Highlights of Changes Affecting Your Retirement Accounts and Charitable Distributions
January 13, 2023 - SECURE 2.0 builds on the SECURE Act of 2019. This new law includes myriad changes that will impact most people’s financial plan now or in the future. Let’s dive into the most prominent items.
How the SECURE 2.0 Act Will Affect Required Minimum Distributions (RMDs) Beginning in 2023
Current law requires owners of certain retirement accounts to take RMDs each year once they reach age 72. This means you must take a distribution from your account and pay income tax on that distribution.
For those who already take RMDs or who turned 72 before January 1, 2023, there is no change to your RMDs.
For anyone who turns 72 between the years 2023 and 2032, RMDs are pushed back one year, to age 73.
Beginning in 2033, RMDs will be pushed back to age 75.
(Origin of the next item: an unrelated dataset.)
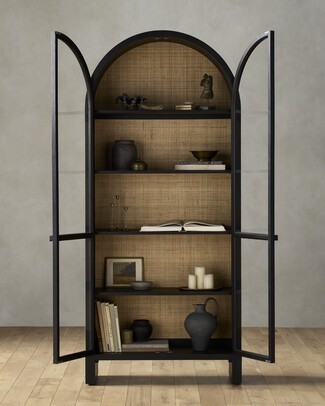 Display Cabinet with Rattan Cane Dark Finish Cabinet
Effective for 2023 and future years, the 50% penalty for an RMD shortfall is reduced to 25%, and it is further reduced to 10% if it is corrected within a specified time period.
Changes to Tax Rules for Qualified Charitable Distributions (QCDs)
If you qualify, a QCD allows you to distribute money from your IRA directly to a 501c3 charity up to $100,000 per year. This can be an exceptionally tax efficient way to donate money. Read more about it here: How the Government Can Subsidize Your Charitable Giving
Despite the change in RMD ages, the age to qualify for QCDs remains 70.5.
The maximum annual QCD amount will be linked to inflation beginning in 2024. For 2023, the maximum amount remains $100,000.
Beginning in 2023, taxpayers are allowed a one-time opportunity to use a QCD to fund a charitable trust or charitable gift annuity.
SECURE 2.0 Act Roth Retirement Account Tax Rule Changes
Roth retirement accounts tax the money you contribute; then the account grows tax-free, and distributions in retirement are tax-free if certain requirements are met.
Beginning in 2024, RMDs will no longer be required for Roth accounts in qualified employer plans (i.e., Roth 401(k) plans, Roth 403(b) plans, Roth 457(b) plans, etc.).
Starting in 2023, taxpayers may now create and contribute to Roth SIMPLE and SEP IRA accounts. For small business owners and those who are self-employed, this will be something to consider going forward. It will take some time for the IRS to issue guidance and for custodians to update documents and procedures before taxpayers will effectively be able to do this.
Effective immediately, employers may now make matching and/or non-elective contributions to employees’ designated Roth accounts. This will also require time for employers and plan administrators to make changes before it can effectively take place.
Beginning in 2024, certain high-income taxpayers who make catch-up contributions to their 401(k), 403(b), or 457(b) accounts will be required to make those contributions Roth contributions. There are multiple nuances to this rule that appear to have unintended consequences, so watch for additional guidance.
Beginning in 2024, there will be an option to transfer some money from a 529 plan directly to a Roth IRA. This must meet specific requirements and is limited to an individual lifetime maximum of $35,000. More guidance is needed for specific aspects of this, but this option will open up new planning opportunities that could allow for significant Roth IRA growth, particularly for the next generation.
SECURE 2.0 Act’s Increases to Catch-Up Contributions for IRAs, Roth Accounts, and Employer Retirement Accounts
Under current law, how much you are allowed to contribute to a retirement account is limited to a certain dollar amount, but if you are age 50 or older, you are allowed to make an additional contribution called a catch-up contribution.
Catch-up contribution limits for IRA accounts, currently $1,000, will now be indexed to inflation starting in 2024. These inflation adjustments will be in increments of $100.
Beginning in 2025, employer retirement plan catch-up contribution limits will be increased for those ages 60–63 to the greater of $10,000 or 150% of the regular limit. This same increase applies to participants in a SIMPLE Plan, except it will be $5,000 or 150% of the regular SIMPLE catch-up contribution limit.
SECURE 2.0 is complex legislation that includes many changes in addition to those outlined here. Please consult your financial planner and tax advisor when assessing the impact to your situation.